*Data in this exercise:*

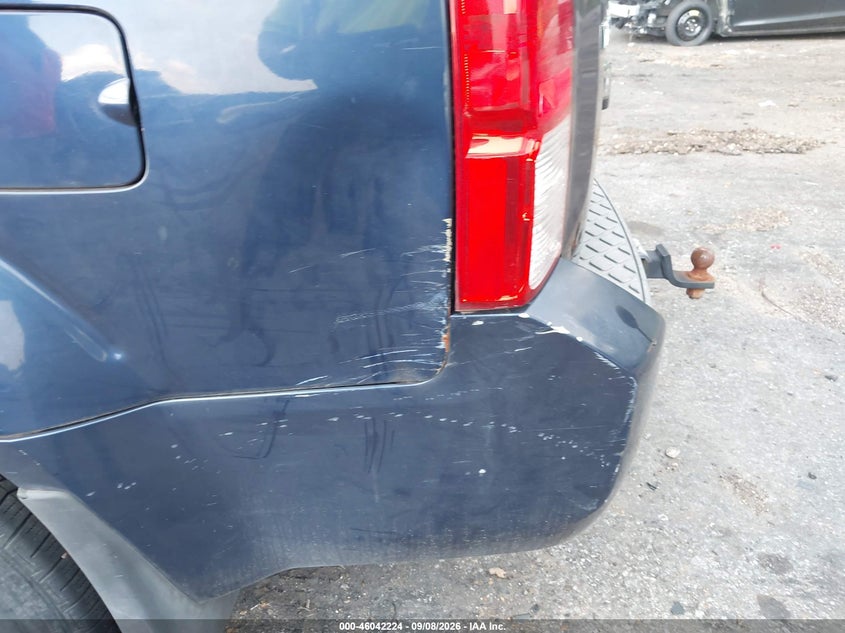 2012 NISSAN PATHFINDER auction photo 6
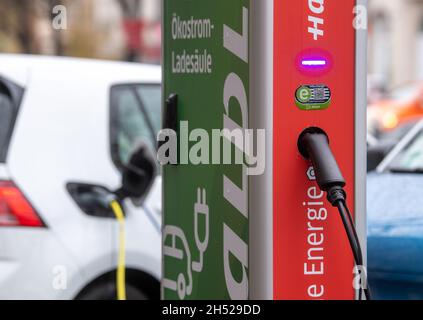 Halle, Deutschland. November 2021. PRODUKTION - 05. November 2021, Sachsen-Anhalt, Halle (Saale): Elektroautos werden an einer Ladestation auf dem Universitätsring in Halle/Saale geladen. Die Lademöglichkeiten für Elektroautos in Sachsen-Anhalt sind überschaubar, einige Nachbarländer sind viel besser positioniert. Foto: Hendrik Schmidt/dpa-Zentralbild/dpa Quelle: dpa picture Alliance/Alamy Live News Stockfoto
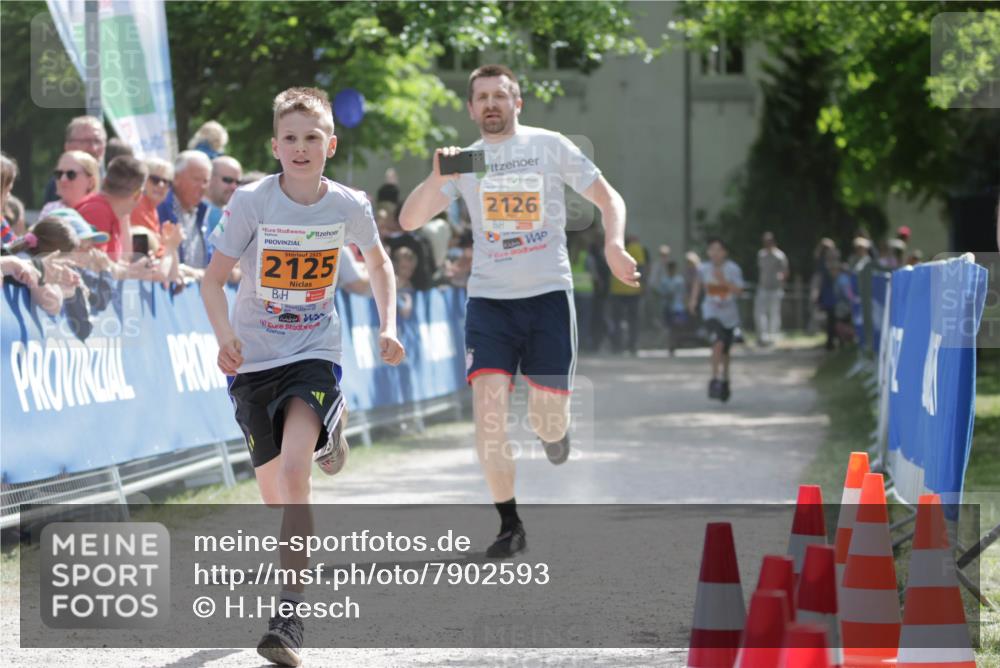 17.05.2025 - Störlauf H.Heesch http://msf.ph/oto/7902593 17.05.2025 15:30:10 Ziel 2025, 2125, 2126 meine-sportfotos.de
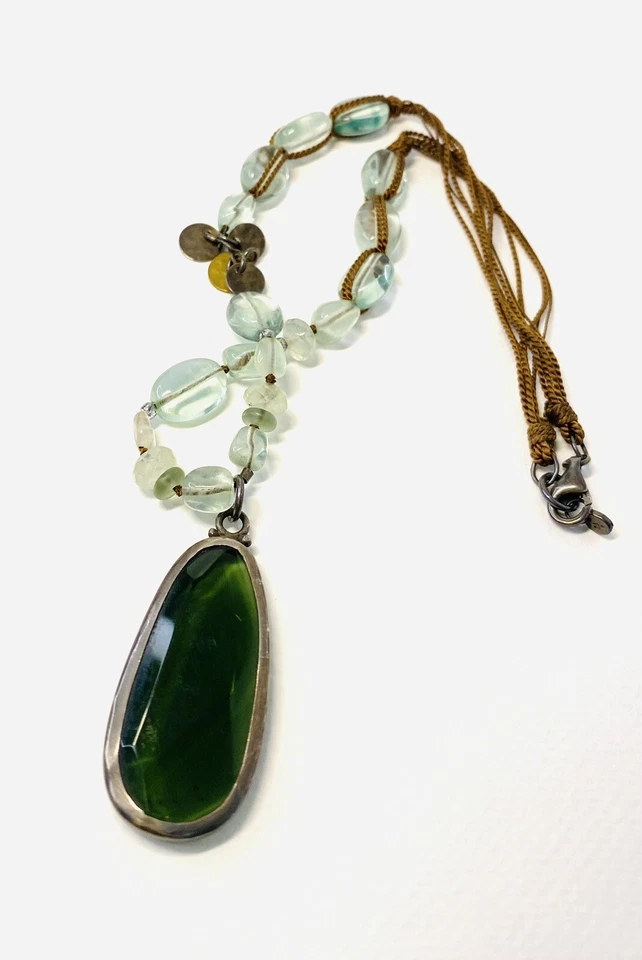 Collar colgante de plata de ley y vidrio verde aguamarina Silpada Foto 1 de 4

* * *

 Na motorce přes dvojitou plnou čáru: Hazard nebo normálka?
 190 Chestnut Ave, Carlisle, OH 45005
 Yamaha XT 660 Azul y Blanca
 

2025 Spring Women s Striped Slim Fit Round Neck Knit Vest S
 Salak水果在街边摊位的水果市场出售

*Instructions to follow:*
Your answer should be the lines of the listing above between the line holding "Yamaha XT 660 Azul y Blanca" and the line holding "Salak水果在街边摊位的水果市场出售", inclusive, restated word for word and alone.

*Solution to this task:*
 Yamaha XT 660 Azul y Blanca
 

2025 Spring Women s Striped Slim Fit Round Neck Knit Vest S
 Salak水果在街边摊位的水果市场出售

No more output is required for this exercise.